**What needs to be done:** Repeat every entry word for word; omit all pictures.
START Available data
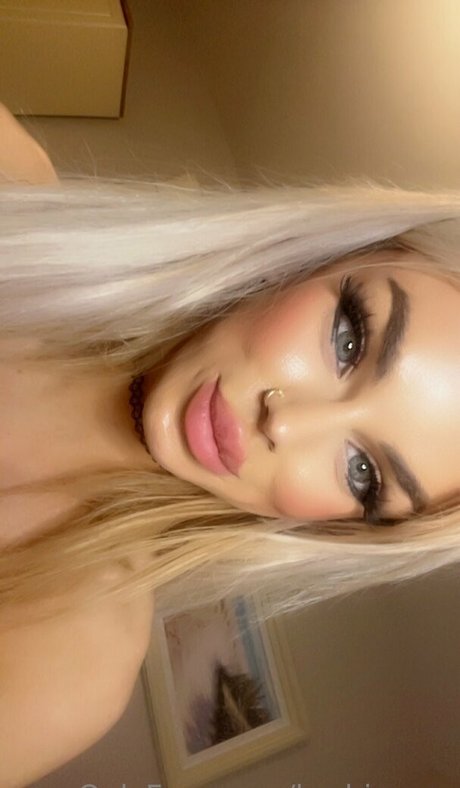 Naakte gelekte OnlyFans-foto van Barbiemae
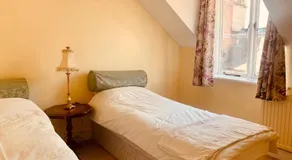 Lavender Cottage - Image 2
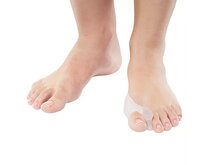 NatraCure teenspreider op linkervoet bovenaanzicht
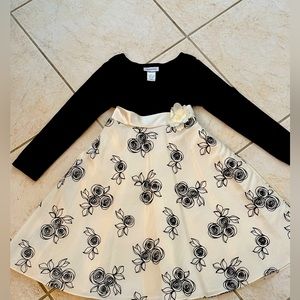 Youngland black and white rose dress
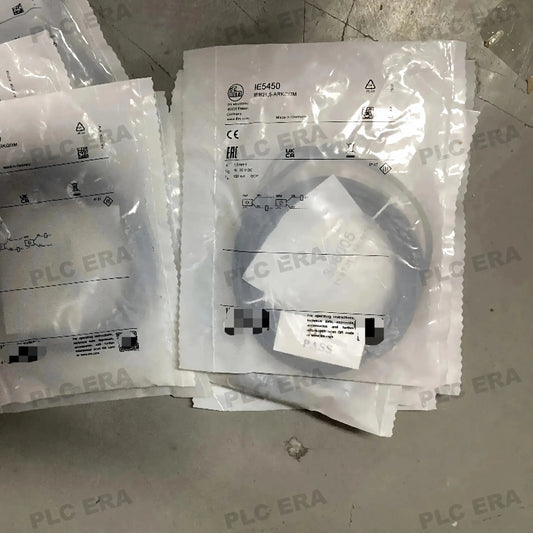 Original New IFM IE5450 M12 inductive proximity sensor PNP NO front view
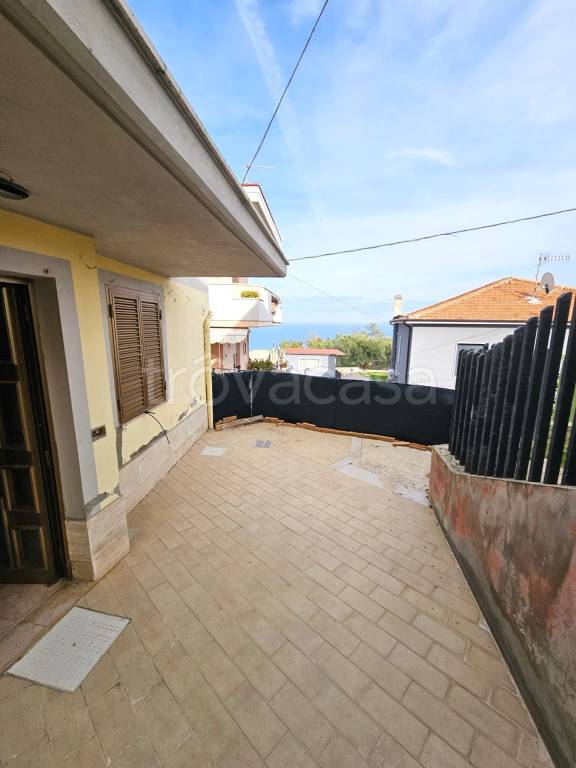 casa indipendente in vendita a Silvi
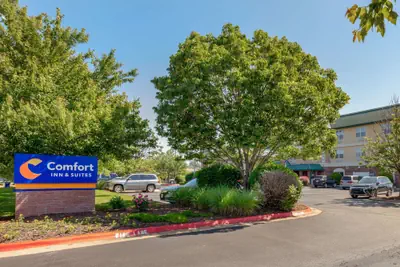 Photo 2 - Comfort Inn & Suites Fayetteville - University Area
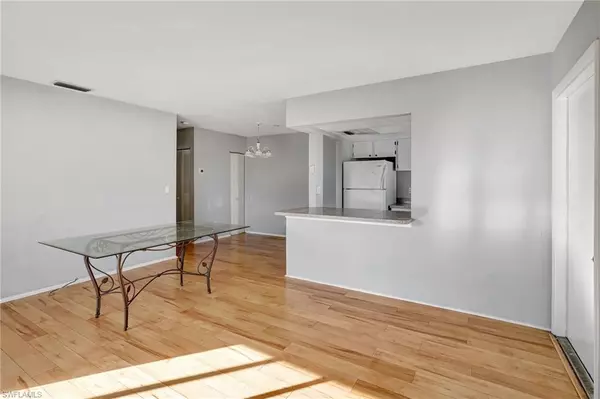 Fort Myers, FL 33907,3300 Prince Edward Island CIR #4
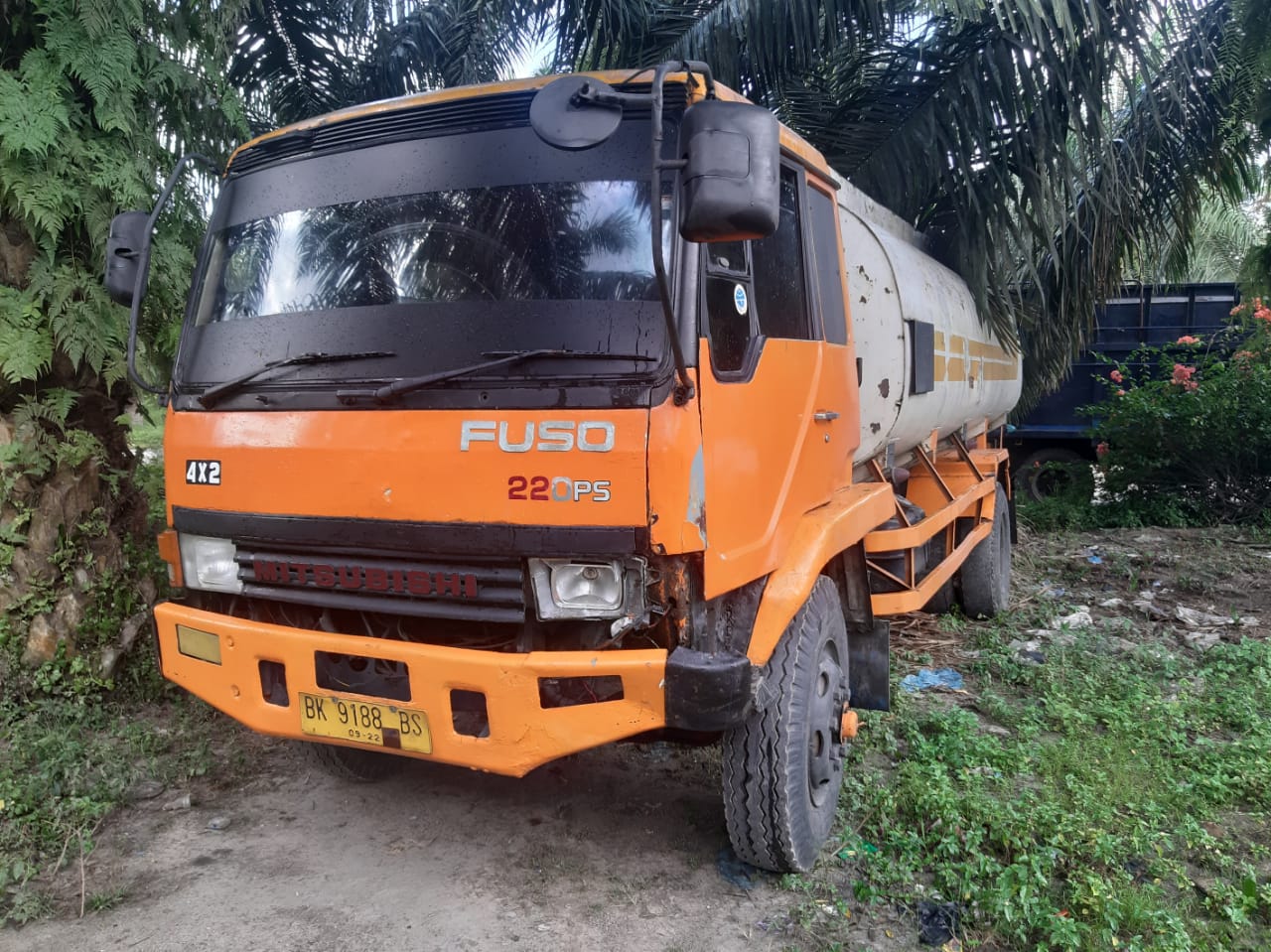 Tabrak Truk  Fuso  Pasutri Pengendara Sepeda Motor Luka 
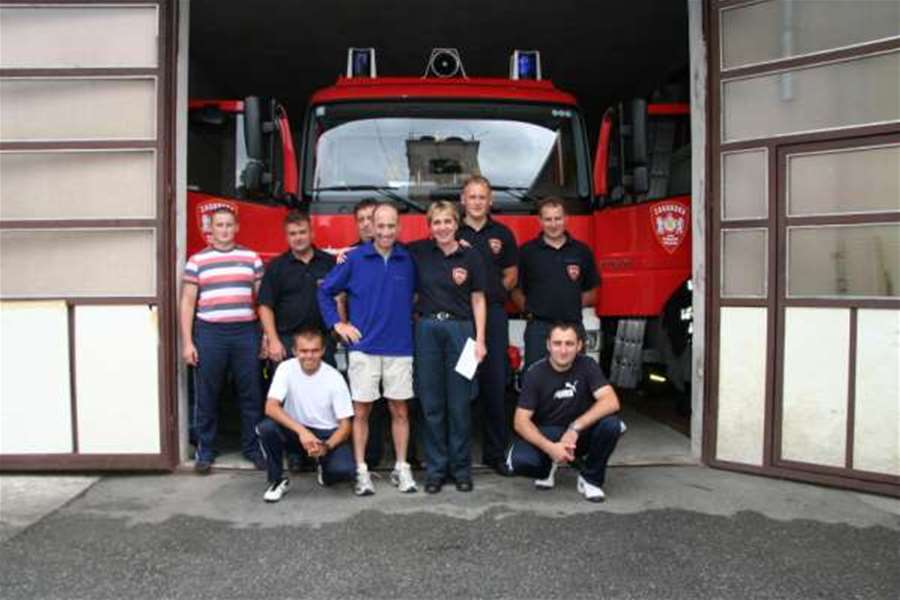 p_182076Nick OShea sa zagorskim kolegama.jpg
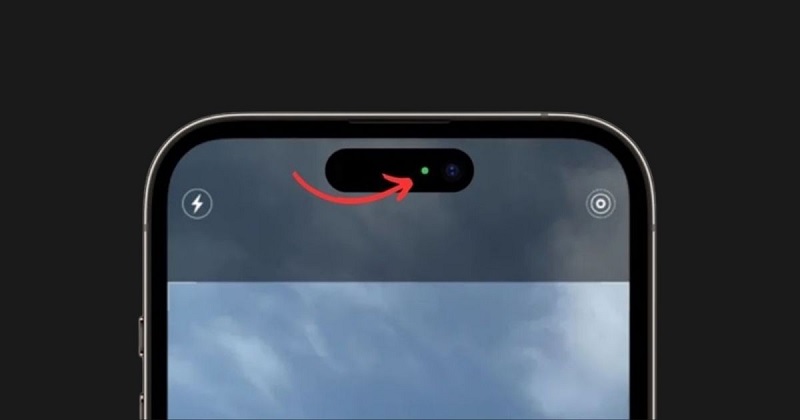 Nguyên nhân màn hình điện thoại bị chấm xanh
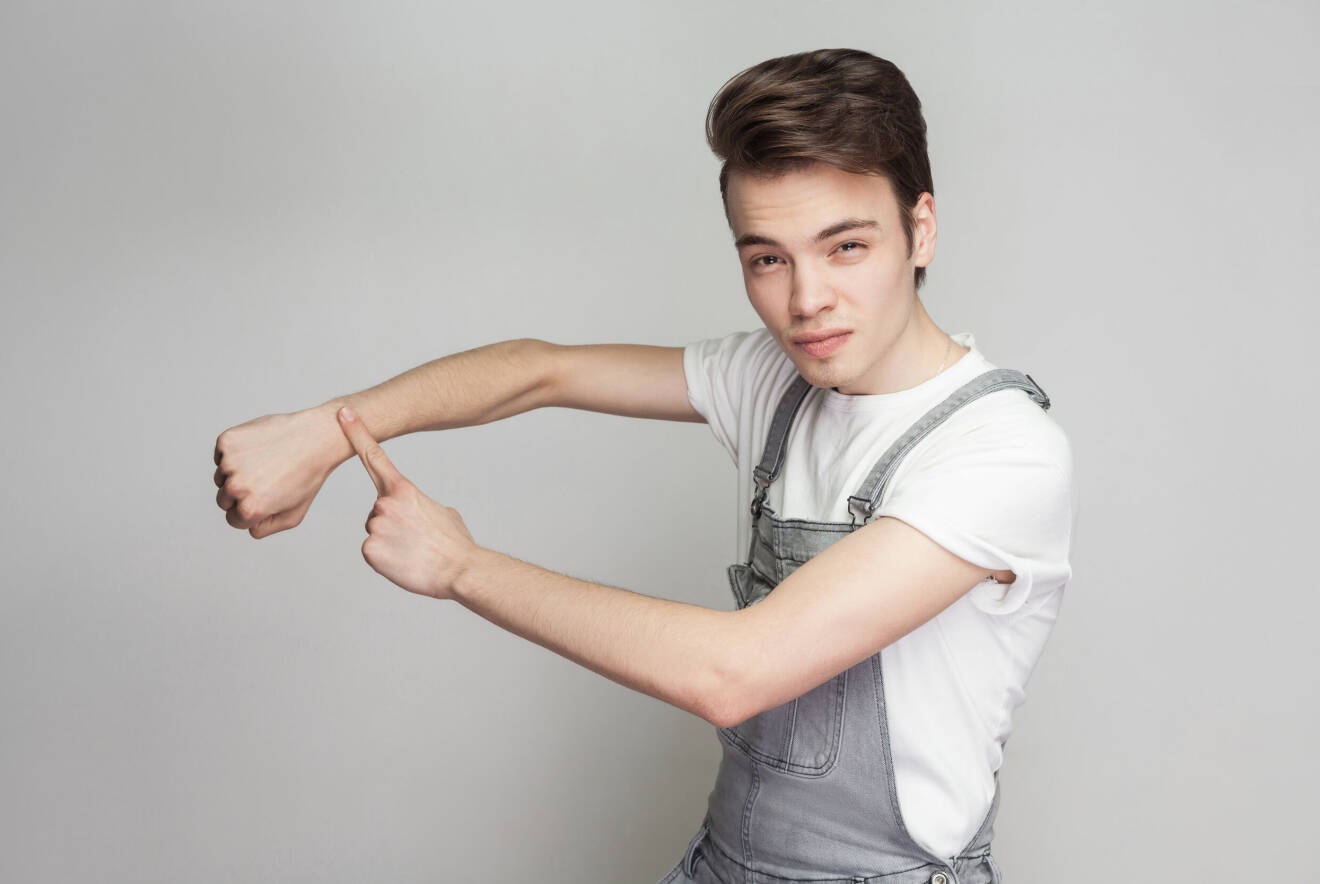 tonåring som pekar på armen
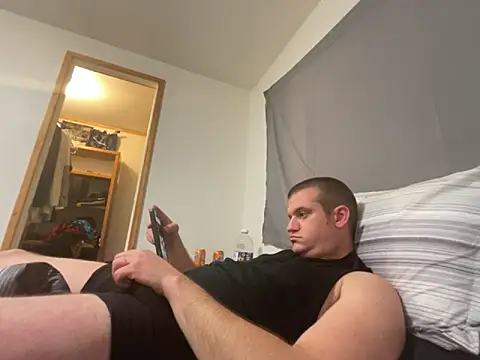 cumitted online show from October 31, 10:40 am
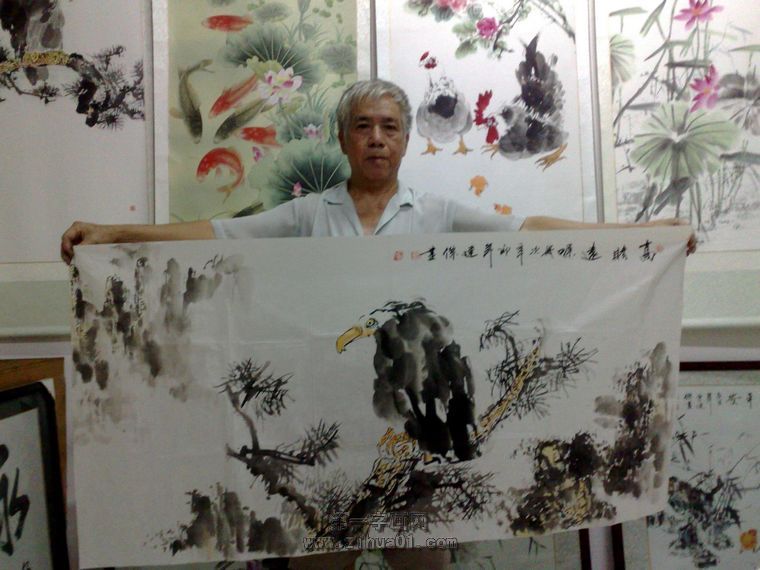 畫家覃連杰老師與本作品的合影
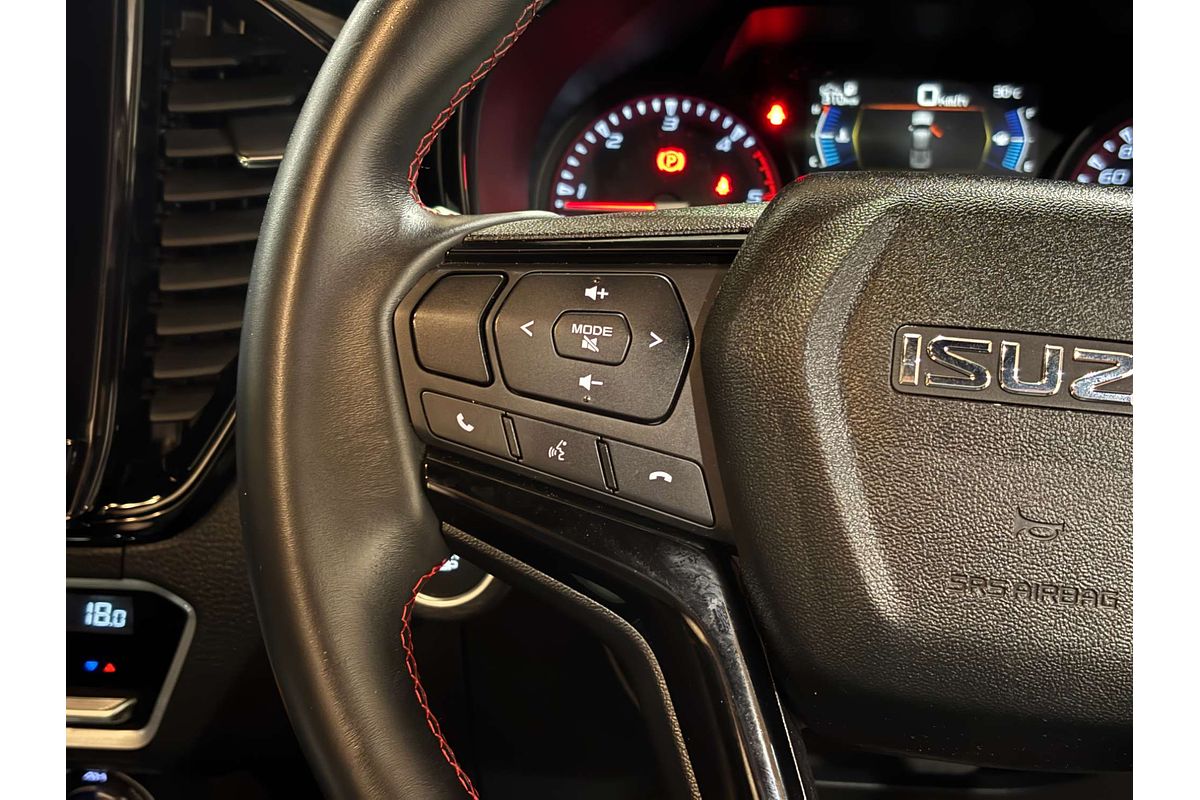 2022 Isuzu D-MAX X-TERRAIN  4X4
END Available data
**Reply to the task:**
 Naakte gelekte OnlyFans-foto van Barbiemae
 Lavender Cottage - Image 2
 NatraCure teenspreider op linkervoet bovenaanzicht
 Youngland black and white rose dress
 Original New IFM IE5450 M12 inductive proximity sensor PNP NO front view
 casa indipendente in vendita a Silvi
 Photo 2 - Comfort Inn & Suites Fayetteville - University Area
 Fort Myers, FL 33907,3300 Prince Edward Island CIR #4
 Tabrak Truk  Fuso  Pasutri Pengendara Sepeda Motor Luka 
 p_182076Nick OShea sa zagorskim kolegama.jpg
 Nguyên nhân màn hình điện thoại bị chấm xanh
 tonåring som pekar på armen
 cumitted online show from October 31, 10:40 am
 畫家覃連杰老師與本作品的合影
 2022 Isuzu D-MAX X-TERRAIN  4X4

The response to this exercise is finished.